Furniture selection Furniture should be able to accommodate the 5th-percentile female through the 95th-percentile male dimensions. These percentiles represent all but the smallest 5 percent of females and the largest 5 percent of males. The scale of the furniture must be consistent with the age group. Furniture with flexibility is necessary for freedom of choice, choice to arrange or rearrange, as well as to expand or reduce. To accomplish this, furniture should be adjustable, or there should be a selection of furnishings to choose from.

Generally, seat height should range from 16 to 20 inches above the floor, so that you can place your feet firmly on the floor or a support surface. Additionally, the seat should be at least 18 inches wide, 15 to 17 inches deep, and the front edge of the seat should be rounded downward. When adjusting chair height or the height for the keyboard, arms should hang comfortably at the side with the forearms at a 90-degree angle from the body.

For example, if the chair is 1/2-inch lower than what is comfortable for the operator, the user will tend to lift his or her shoulders to compensate for the extra space. After awhile, the person begins to get a stiff neck and sore shoulder muscles.
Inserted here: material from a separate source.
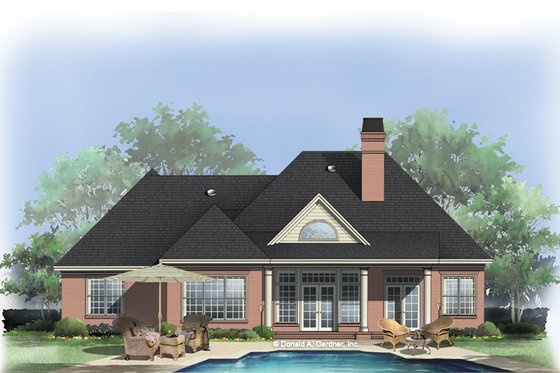 Exterior - Rear Elevation for European House Plan #929-692 - 3 bed, 2.5 bath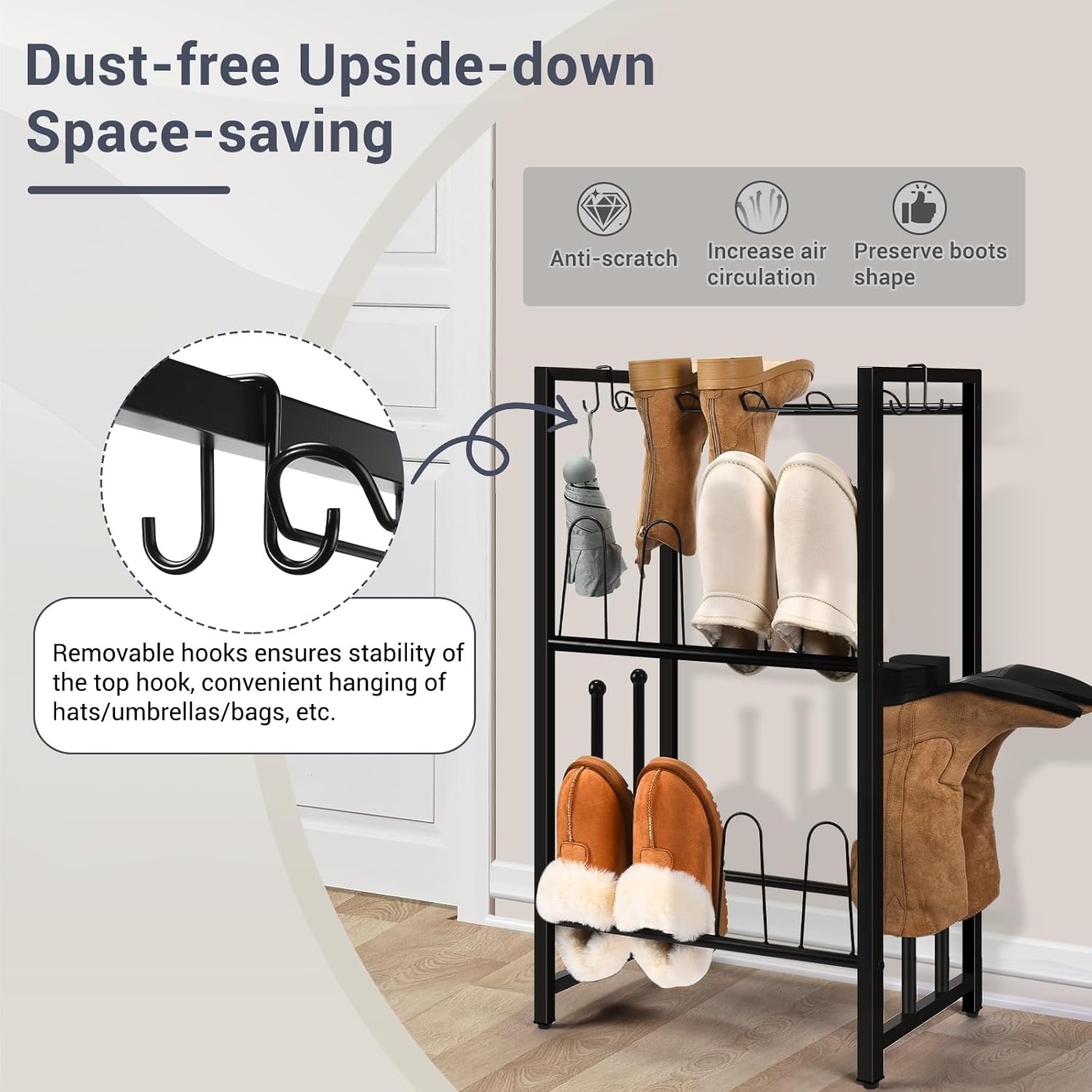 GADFISH Free Standing Shoe Racks, Vertical Boot Rack, Black Metal Boot Storage Organizer Tall Boots Organizer for Closet, Entryway, Shoe Rack for Boots, Sneakers, Fit 8 Pairs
Likewise, if the wrists are not kept in a straight position, such as having the chair too low where they are flexed upward, tendonitis can develop that can lead to carpal tunnel syndrome.

Electrical features The main equipment room should be cooled all year. The smallest of systems will require approximately 5,000 BTU with larger systems requiring up to 40,000 BTU cooling capacity. Provide 4 amps per fileserver and 1 amp per network component. The video information system should have two 20-amp circuits for the first two racks and one 20-amp circuit for every two racks thereafter. For the telephone system, provide one 20-amp circuit and surge protection for all trunks entering the building.

Basic classroom electrical requirements: *Five computers and one laser printer will require one 20-amp circuit. *A classroom TV monitor will require 4 amps per room. *Five computers can raise cooling needs by 25 percent, and 20 computers can double a room's cooling needs. Also, it is extremely important to provide humidity control to protect all equipment. *For new construction, cable trays, flex trays and bridle rings are the best solution for wire management. With existing buildings, exposed wall conduit running just below the ceiling and surface-mounted wireways are the primary solutions.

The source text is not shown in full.